Mark O'Mara says 'reasonable fear' of great bodily harm is key to law

ORLANDO, Fla. – Top Orlando defense attorney Mark O’Mara told News 6 that in his view, Florida’s "stand your ground"
law tests a person’s reaction under stress, exposing a possible flaw in the self-defense statute.

“The standard that is supposed to be applied is whether or not your fear was reasonable under the circumstances, as you perceived them,” O’Mara said.

Under the current statute, revised in 2012, the state prosecution must disprove self-defense by clear and convincing evidence or the defendant goes free.

“I think the law does the best job it can do because you’ll never know if you acted reasonably until it’s too late,” O'Mara said.

Simply put, “stand your ground” is a no-retreat statute, according to O’Mara, it provides self-defense immunity.
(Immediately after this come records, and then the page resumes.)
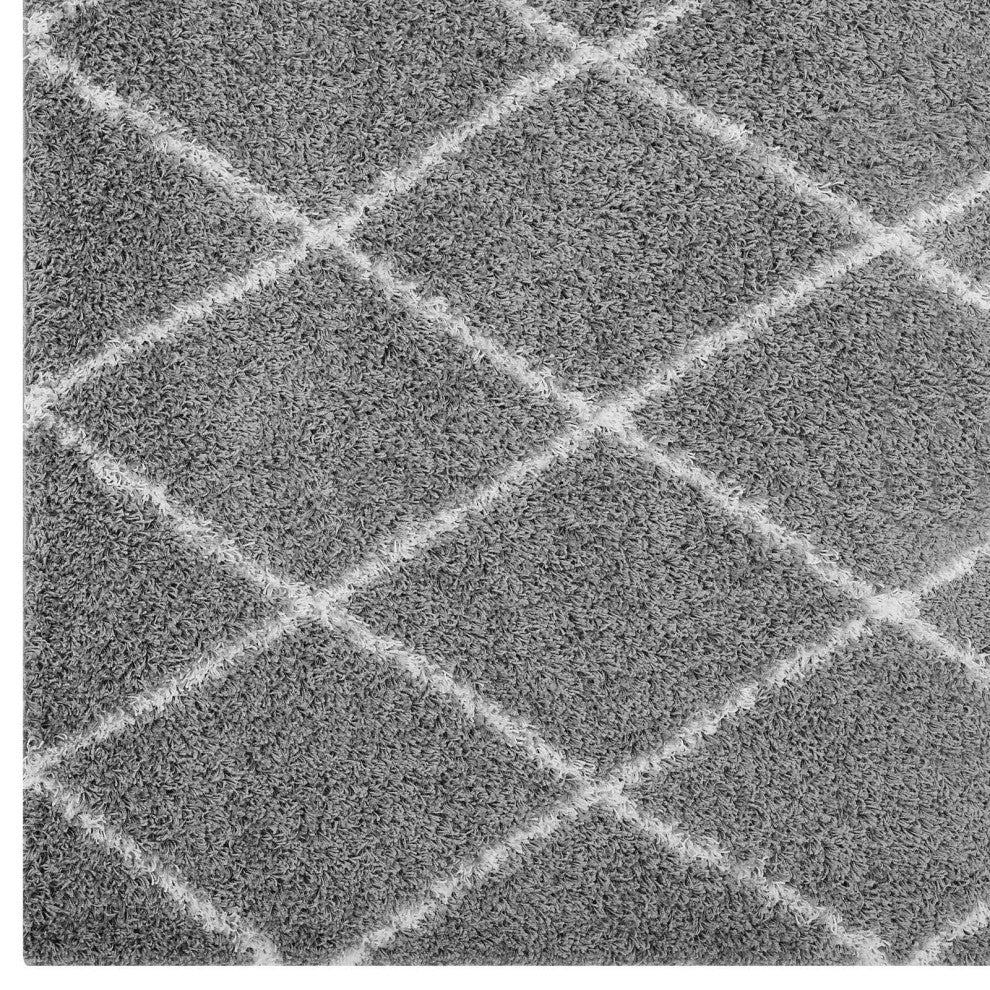 Gray and Ivory Toryn Diamond Lattice 5x8 Shag Area Rug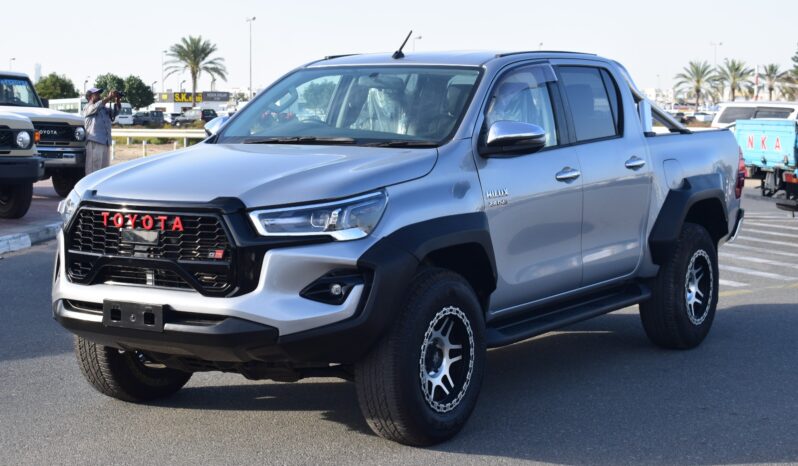 
								Toyota Hilux 2017 Sliver Manual full									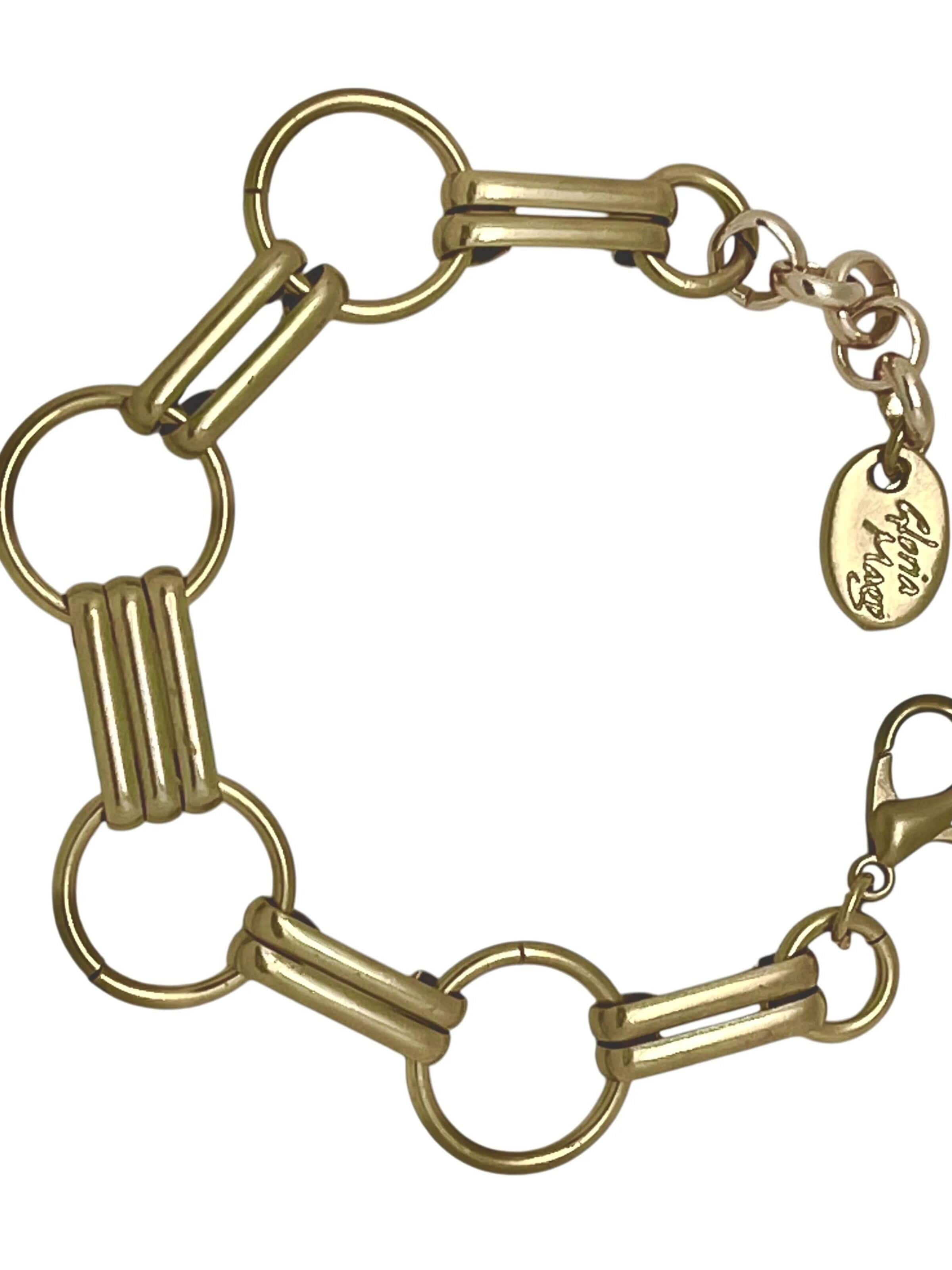 Gloria Mago Bracelet 'Total For U bracelet in brass and gold-plated metal' in Gold: front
The statute states you should be immune from prosecution both criminal and civil if you believed you were in danger of great bodily harm.

The language reads in part:

“A person is justified in using or threatening to use deadly force if he or she reasonably believes that using or threatening to use such force is necessary to prevent imminent death or great bodily harm to himself or herself or another or to prevent the imminent commission of a forcible felony.”

O’Mara, who famously defended George Zimmerman for the murder of Trayvon Martin in 2013, said because Zimmerman had no opportunity to retreat, “there wasn’t a stand your ground case because there was no standing of ground.”

O’Mara stressed that no one is allowed to use deadly force in this state or any other, “unless it is for protection of an absolute necessary right: The right of survival of yourself or the right of survival of others."

If that exists, according to O’Mara,  you should be immune from prosecution.

When asked if there was language in the current stand your ground legislation he would change he pointed to the notion of no retreat.

“I think people now look at that statute and say, 'I can shoot if I feel like it,'” O’Mara said. “That’s a very dangerous perspective for people to have.”

O’Mara would like to see an addendum to the law that would simply read: ”Without putting yourself at risk, try and get out of it rather than shoot.”